:: RECORDED DATA ::

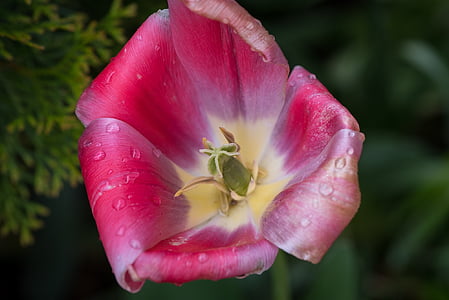 tulipán, virág, Blossom, Bloom, szirmok, Pistil, nedves
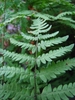 Detail of frond with pinnatisect pinnae.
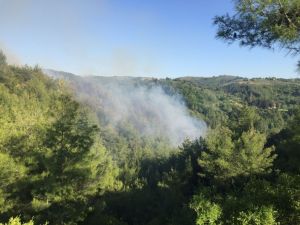 Osmaniye’de Orman Yangını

:::

Keeping every word as it is, write out all the data and omit the pictures.

• [FINISHED EXERCISE]
 tulipán, virág, Blossom, Bloom, szirmok, Pistil, nedves
 Detail of frond with pinnatisect pinnae.
 Osmaniye’de Orman Yangını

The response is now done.